While widely respected for the impartial way he presided over the supreme court, Hemphill did have his detractors. One critic claimed that when the court was not in session the chief justice would “lie about the places appropriated for loafers in a perfect state of torpor like a lizard in the winter.”

Hemphill was a judicial activist in the truest sense of the modern-day term. He participated in the famous Council House Fight with the Comanches in 1840 and stabbed a chief to death in the wild me-lee. The following year, he left the bench to join the Somervell Expedition in pursuit of Mexican invaders, who temporarily terrorized San Antonio.

Legislators met on Nov. 9, 1857 to pick two new senators. James Pinckney Henderson, Texas’ first governor, was the nearly unanimous choice to succeed Thomas Rusk, who had committed suicide the previous July. But the selection of a replacement for Sam Houston took 10 hours of rancorous wrangling and behind-the-scenes bargaining until Chief Justice Hemphill finally won out over William Scurry on the 22nd ballot.

The sorest loser in the chamber was the past president of the Republic, who had prematurely booked passage for Washington, D.C. Anson Jones could not believe lawmakers gave his senate seat to Hemphill, a man he accused of having “the practices of a gamester, the habits of a drunkard with a life of licentiousness and incest and a 17-year pensionship upon Texas.”

In the U.S. Senate, Hemphill was an adamant and articulate advocate of southern sovereignty and the right to part company with the Union. In late 1860, he made such a persuasive case for secession that proponents of the pullout distributed 200,000 copies of the spellbinding senate speech in fence-straddling Virginia.

Hemphill and 13 southern colleagues issued a dramatic call for “immediate session” on Jan. 6, 1861. The next month he traveled to Montgomery, Alabama to witness the birth of the Confederacy as the first six states – South Carolina, Mississippi, Florida, Alabama, Georgia and Louisiana – to withdraw formed a separate government.

Even after Texas seceded in March and war began in April, Hemphill stubbornly refused to give up his seat in what had become the northern senate.
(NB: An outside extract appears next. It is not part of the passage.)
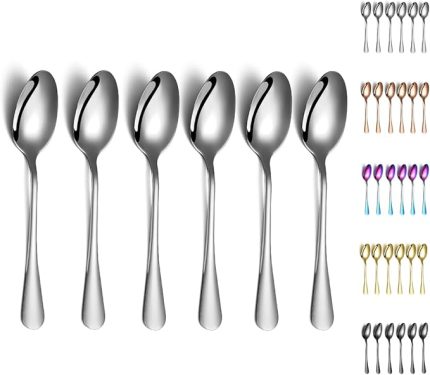 Yemek Kaşığı, 6 Parça 7.5" Paslanmaz Çelik Yemek Kaşığı, Çorba Kaşığı, Tatlı Kaşığı Gümüş Bulaşık Makinesi 6'lı Set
He remained in the enemy capital until his inevitable expulsion that July.

John Hemphill did not live to see the tragic conclusion of the conflict and the punitive post-war occupation of his beloved Texas and South Carolina. After a four-day bout with pneumonia, he died at Richmond, Virginia in January 1862.

The former chief justice had company on his sad journey home. Col. Hugh McLeod succumbed to the same sickness the day before Hemphill, and their remains were transported together back to Austin for burial. The whole town turned out in a cold drizzle to pay their last respects to the fallen heroes.

During his 23-year absence from South Carolina, Hemphill visited his birthplace only once. He had hardly walked in the door, when a particularly pious sister asked if he believed God had forgiven him for fighting the long forgotten duel.

Hemphill would have none of it.

“I did not come here to be lectured,” he growled through clenched teeth. “Pack my clothes and I will return to Texas.”

And that was the last his family ever saw of him.